● What the task requires: Would you transcribe the records below from the line with "Engelenbeemden 2 Helmond thumbnail 60" to the line with "Аквариум 140 л", ends included, exactly and with nothing more, leaving the pictures out?

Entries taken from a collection

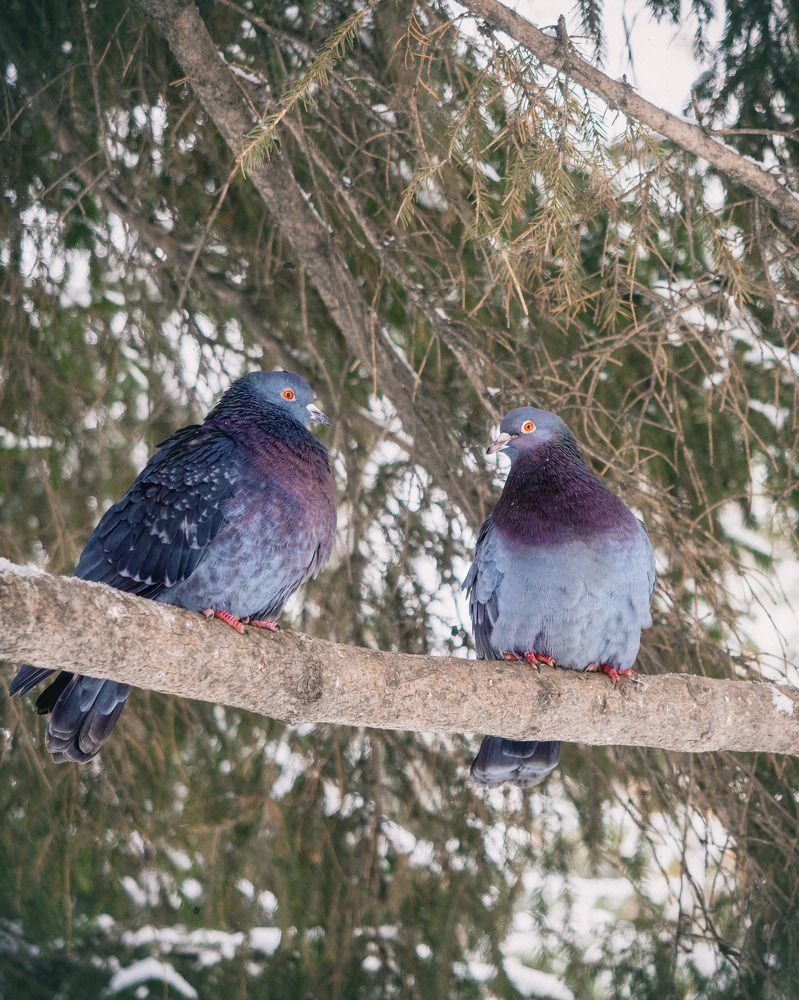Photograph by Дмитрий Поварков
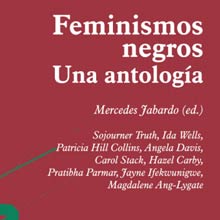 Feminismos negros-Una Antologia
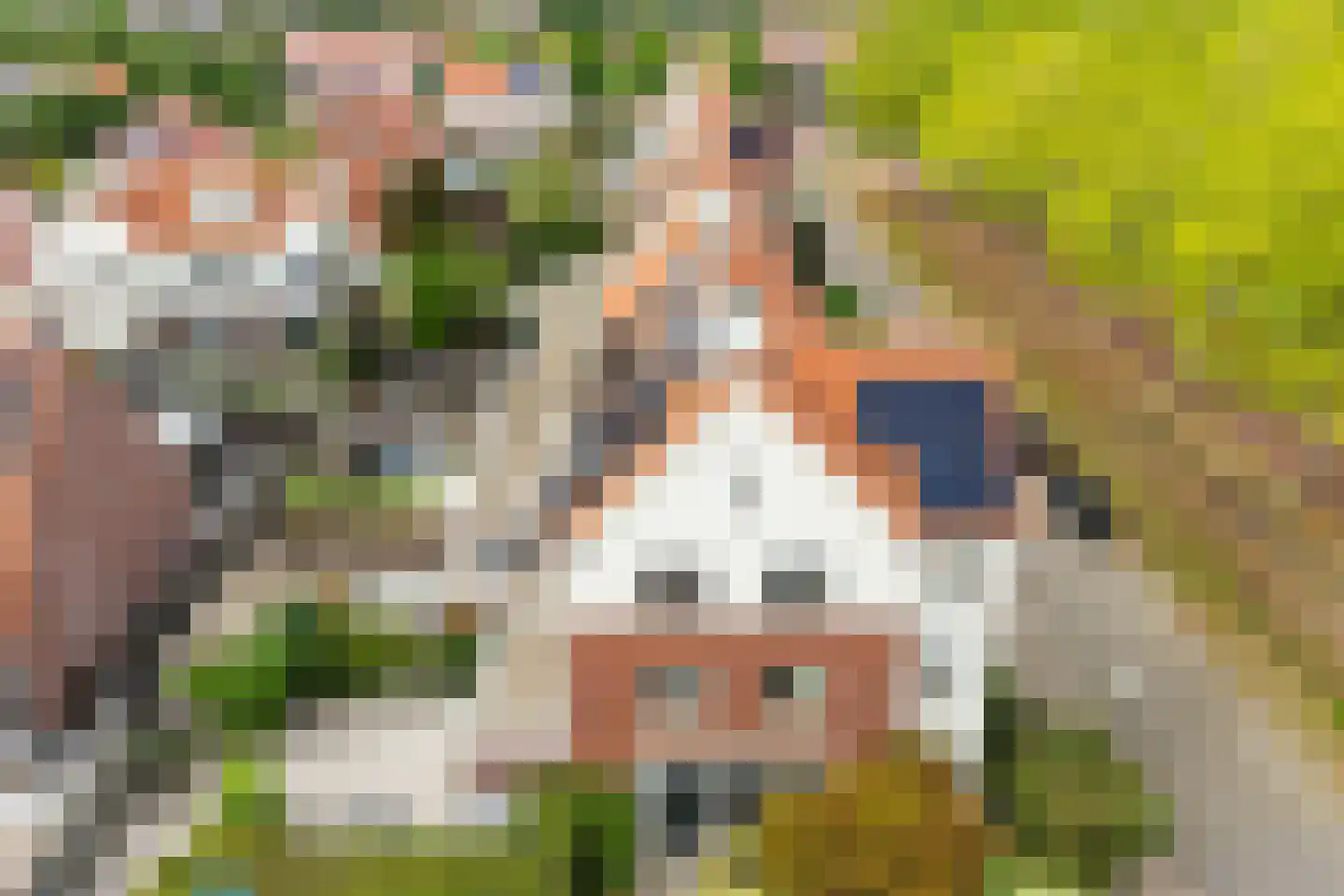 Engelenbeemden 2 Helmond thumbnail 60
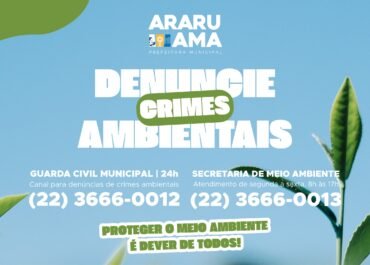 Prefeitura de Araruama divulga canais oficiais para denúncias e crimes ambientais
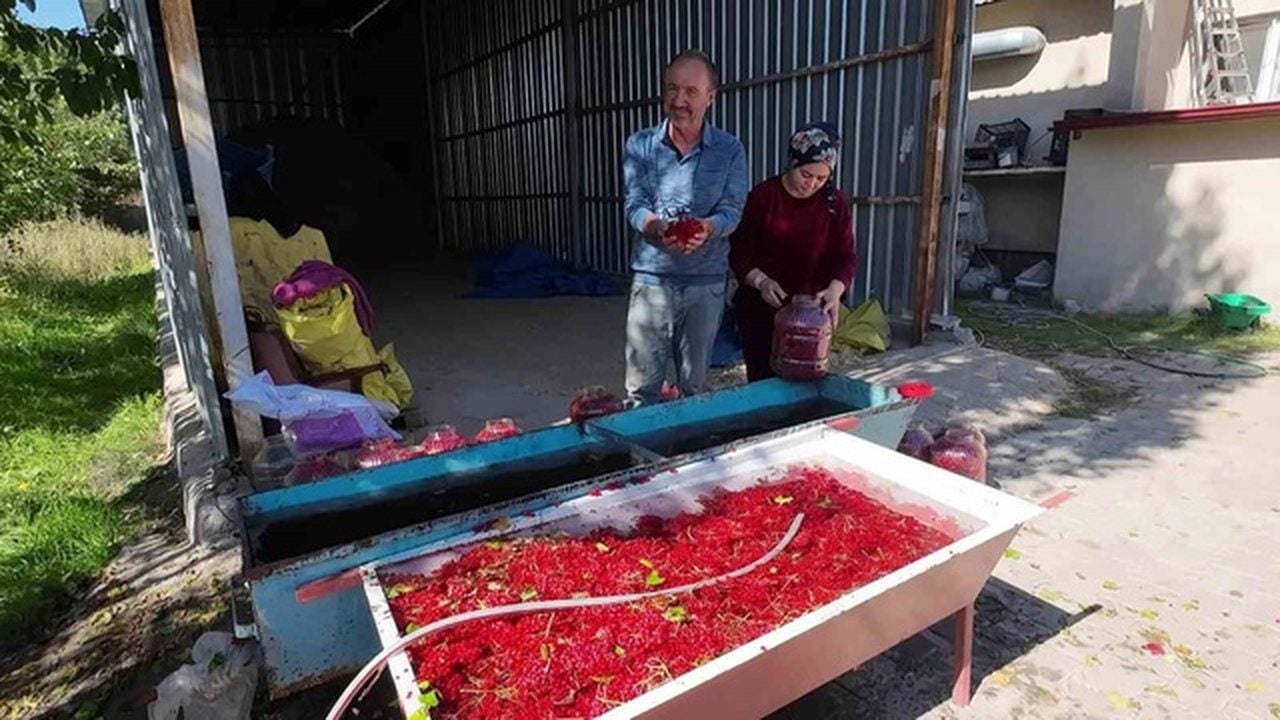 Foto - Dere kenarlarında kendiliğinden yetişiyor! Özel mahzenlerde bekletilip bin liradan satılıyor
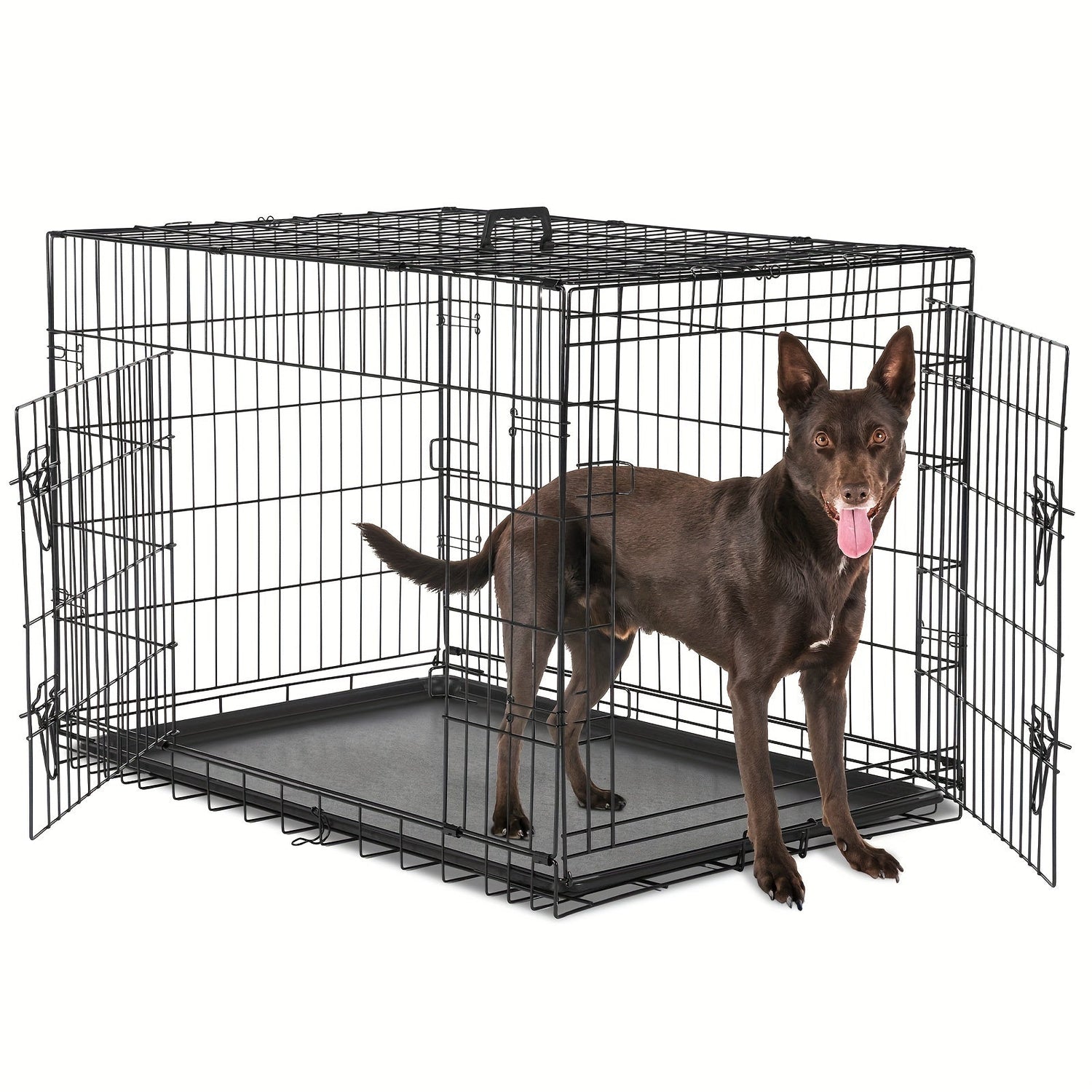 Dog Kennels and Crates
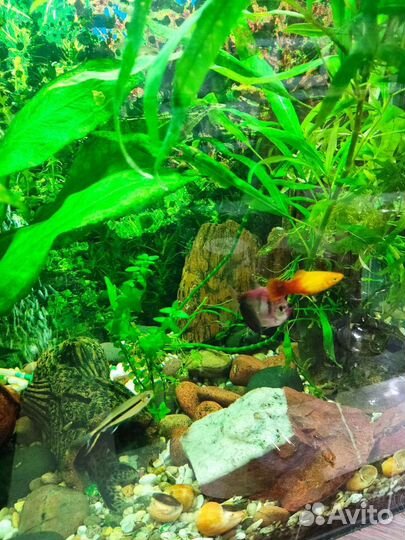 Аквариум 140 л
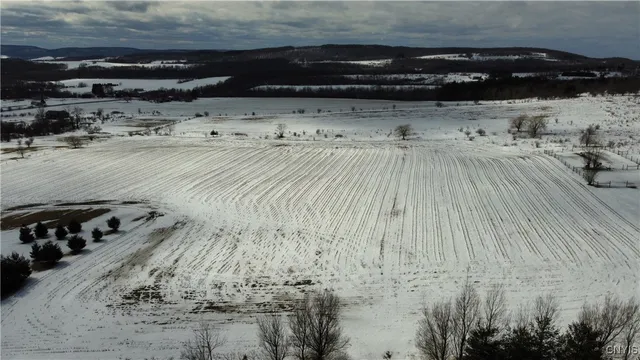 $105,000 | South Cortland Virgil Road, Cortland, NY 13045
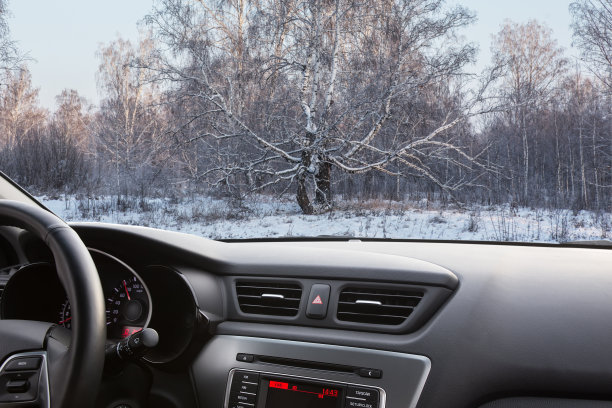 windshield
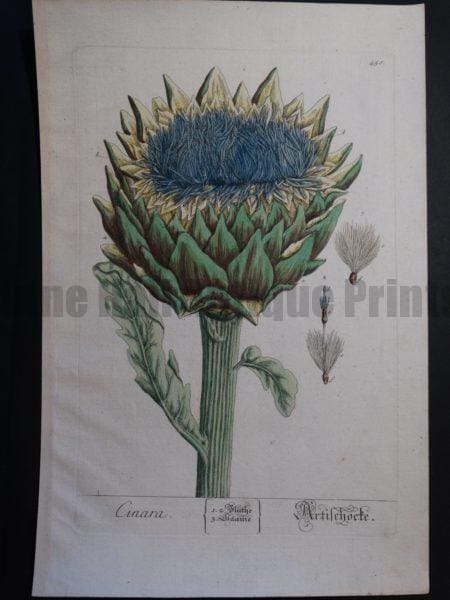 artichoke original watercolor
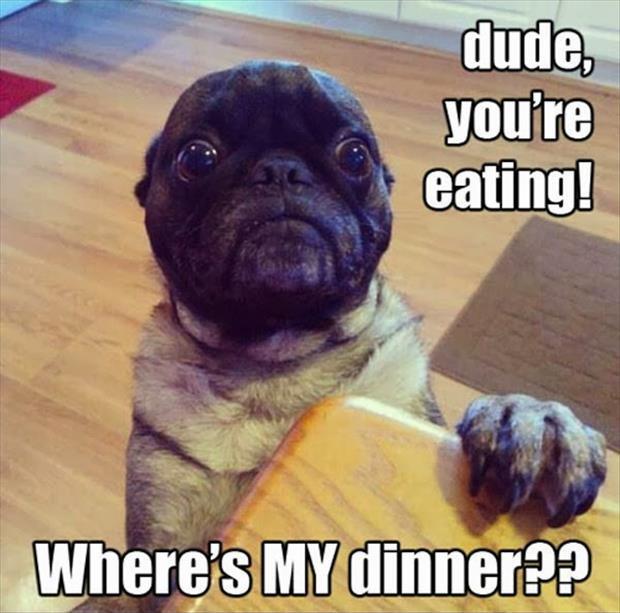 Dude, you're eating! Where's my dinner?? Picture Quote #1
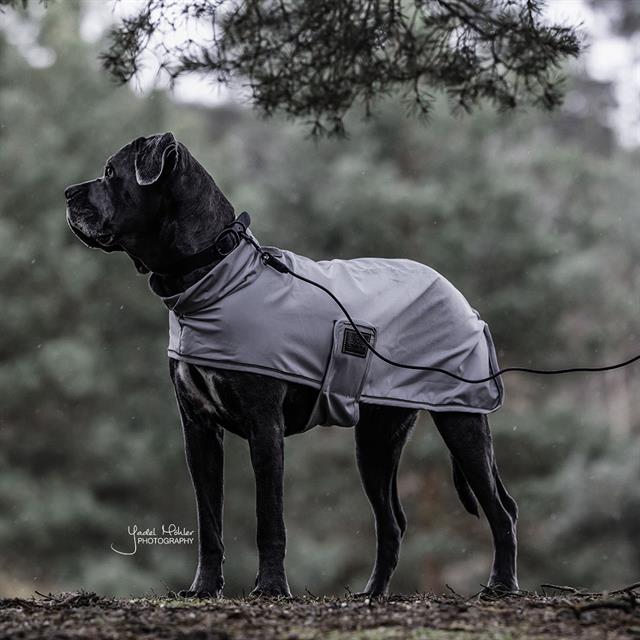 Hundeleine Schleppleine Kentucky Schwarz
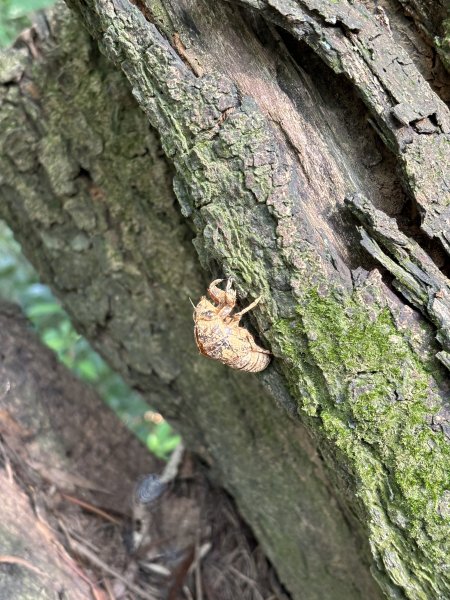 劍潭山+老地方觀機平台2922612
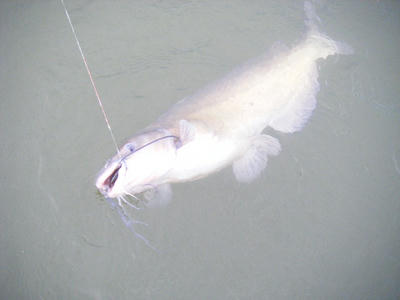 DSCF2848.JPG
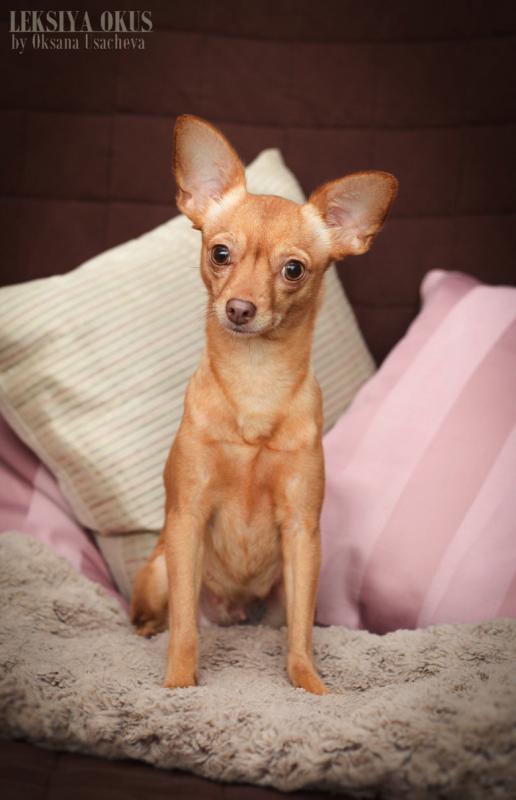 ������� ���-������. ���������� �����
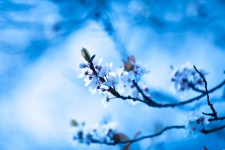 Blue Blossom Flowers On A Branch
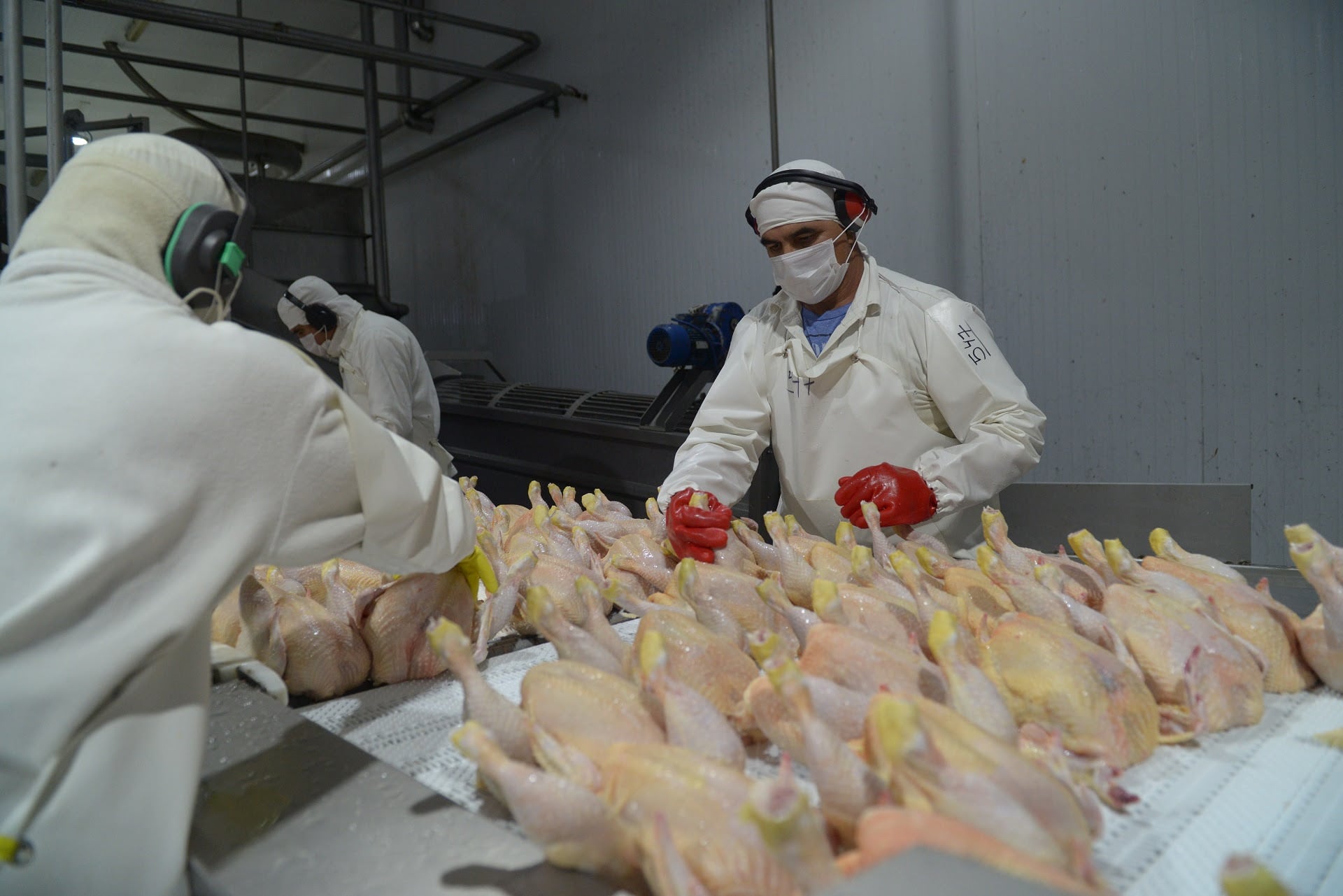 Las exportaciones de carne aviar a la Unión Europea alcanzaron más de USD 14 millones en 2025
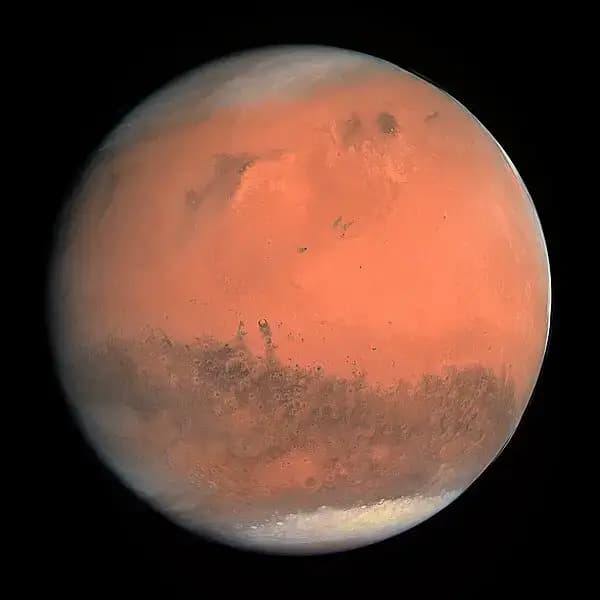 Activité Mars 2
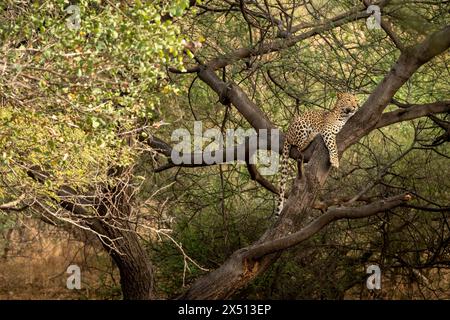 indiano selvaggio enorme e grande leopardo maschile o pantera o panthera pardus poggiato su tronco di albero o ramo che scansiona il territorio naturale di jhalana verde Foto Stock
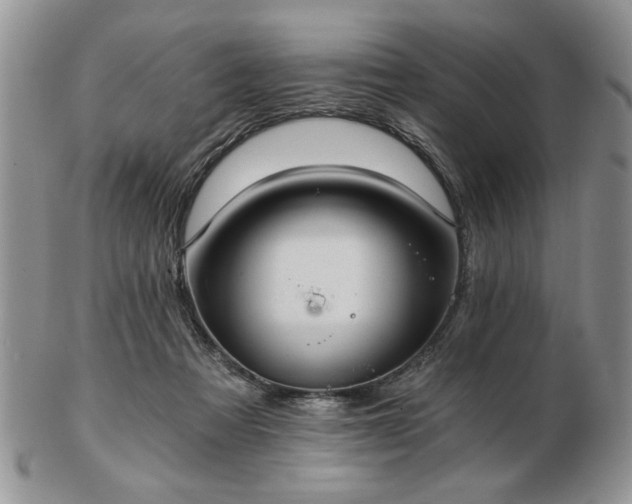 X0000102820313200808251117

● Result for this task:
 Engelenbeemden 2 Helmond thumbnail 60
 Prefeitura de Araruama divulga canais oficiais para denúncias e crimes ambientais
 Foto - Dere kenarlarında kendiliğinden yetişiyor! Özel mahzenlerde bekletilip bin liradan satılıyor
 Dog Kennels and Crates
 Аквариум 140 л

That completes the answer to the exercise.